First off, its not called a widget. A widget is something that goes on your dashboard, which isn't going to happen with CCT. I think Mads at some point "appified" CCT for mac, giving you the solution you want. There's no other way to obtain the result you want.


----------



## THATguyWHOcubes (Mar 14, 2011)

ok thx people! i already did the thing where you minimize it into the stack folders, but when i shut down it was gone! so i got it out of applications and did more averages but whatever. Ill look for the mac version. psst master of the bass! i play bass and guitar


----------



## Lucas Garron (Mar 14, 2011)

THATguyWHOcubes said:


> ok thx people! i already did the thing where you minimize it into the stack folders, but when i shut down it was gone! so i got it out of applications and did more averages but whatever.

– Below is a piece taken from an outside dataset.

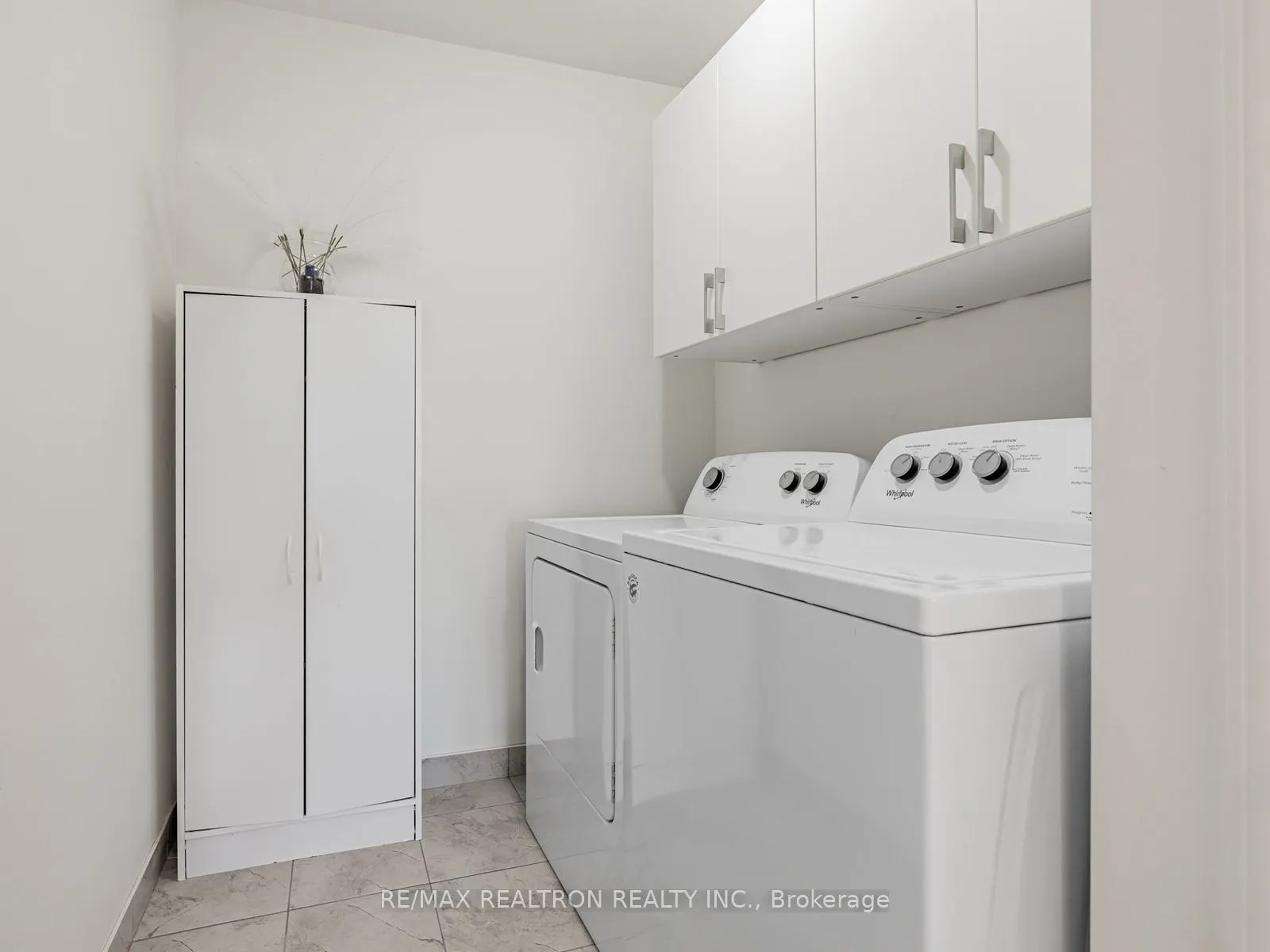 6 Bobolink Drive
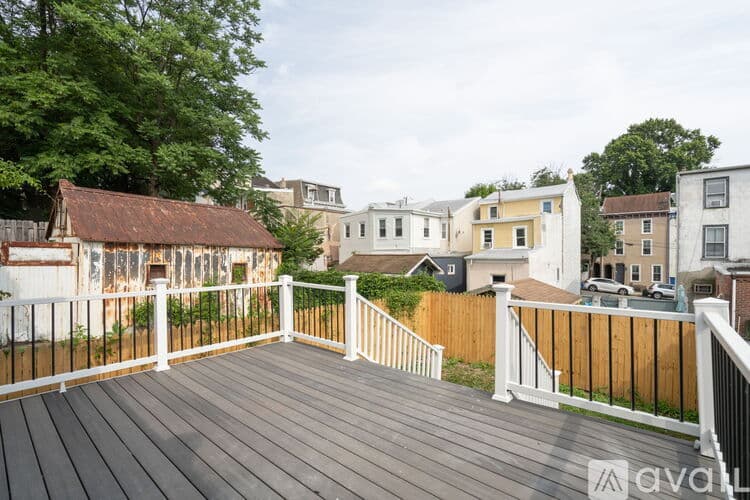 Philadelphia House: 163 East Street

Ill look for the mac version. psst master of the bass! i play bass and guitar


Well, there's your problem. Don't minimize; drag the jar file to the dock.

Also, I know PPT has been "appified," but I'm not aware of such a version for CCT.


----------



## masterofthebass (Mar 14, 2011)

Lucas Garron said:


> Also, I know PPT has been "appified," but I'm not aware of such a version for CCT.


 
o, my bad. I knew PPT was, but I thought that CCT was done also. o well


----------



## professoralpha7 (Apr 22, 2011)

when you are using it , it should show up in your dock. just drag it to another point on the dock and drop it. when you close the program, the icon should stay.


----------



## Lucas Garron (Apr 22, 2011)

professoralpha7 said:


> when you are using it , it should show up in your dock. just drag it to another point on the dock and drop it. when you close the program, the icon should stay.


"Should"? Have you actually tried it? (Hint: It doesn't work.)


----------